AKP MKYK toplantısı sonrası açıklamalarda bulunan AKP Sözcüsü Ömer Çelik, Türkiye'nin S-400 testlerine yönelik eleştirilere, "Türkiye'nin S-400 kullanması güvenlik ihtiyacı için zorunluluk, NATO sistemine entegre edilmeyecek" yanıtını verdi.
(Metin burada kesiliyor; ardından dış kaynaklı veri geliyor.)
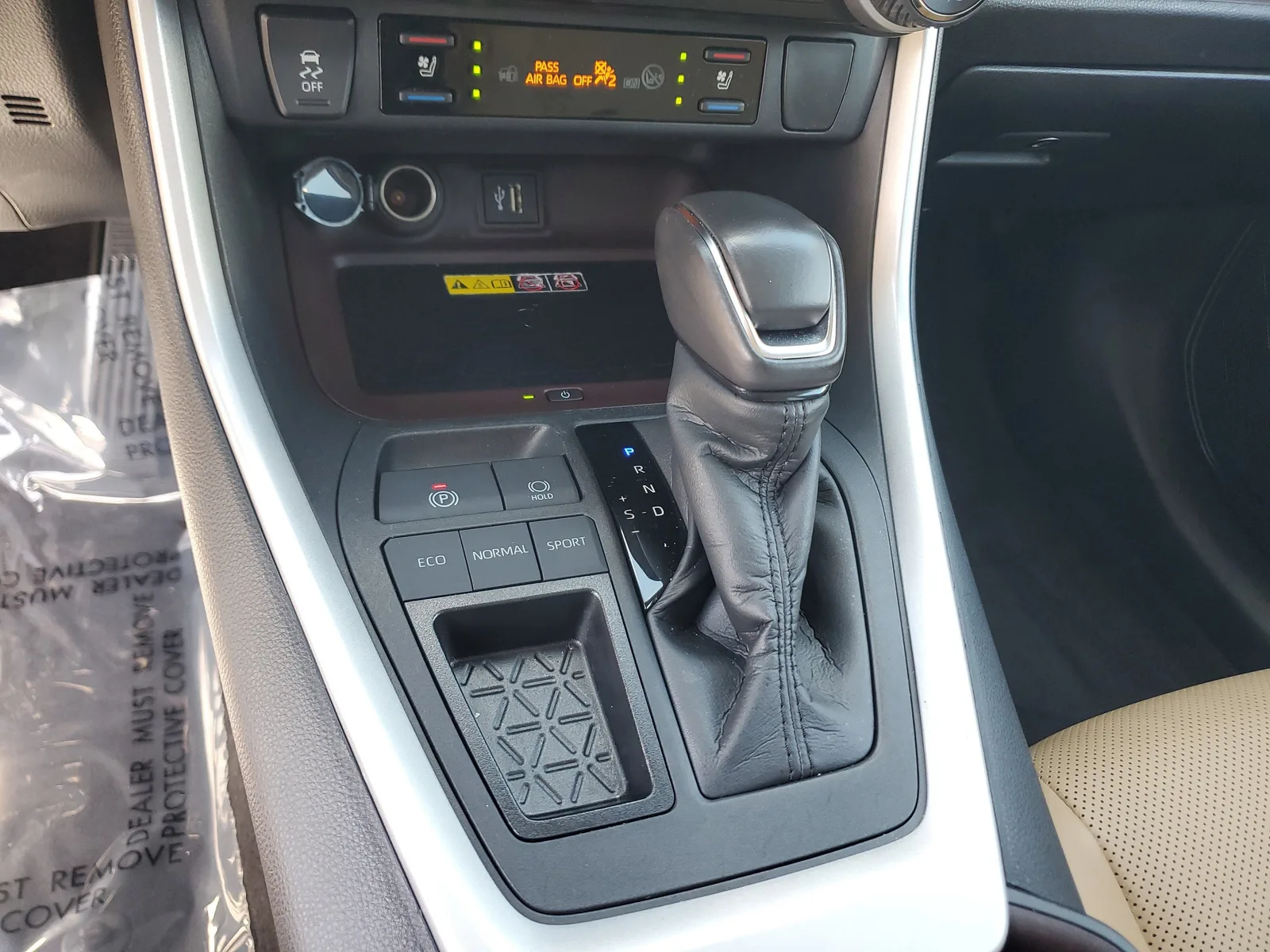 2023 Toyota RAV4 Limited photo 27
AKP Sözcüsü Ömer Çelik, AKP MKYK toplantısı sonrasında gündeme ilişkin açıklamalarda bulundu. Çelik, "Türkiye'nin S-400 kullanması güvenlik ihtiyacı için zorunluluk, NATO sistemine entegre edilmeyecek" ifadelerini kullandı. Çelik ayrıca, "Macron, 'Erdoğan'ı uyardım' gibisinden cümleler kuruyor. Macron'un Cumhurbaşkanımızı uyarması diye bir şey söz konusu değildir. Kendi kafasında bir senaryo yazıyor ve o senaryoları bir propaganda gibi kullanmaya çalışıyor" açıklamasını yaptı.

"AZERBAYCAN'IN EGEMENLİĞİ KIRMIZI ÇİZGİMİZDİR"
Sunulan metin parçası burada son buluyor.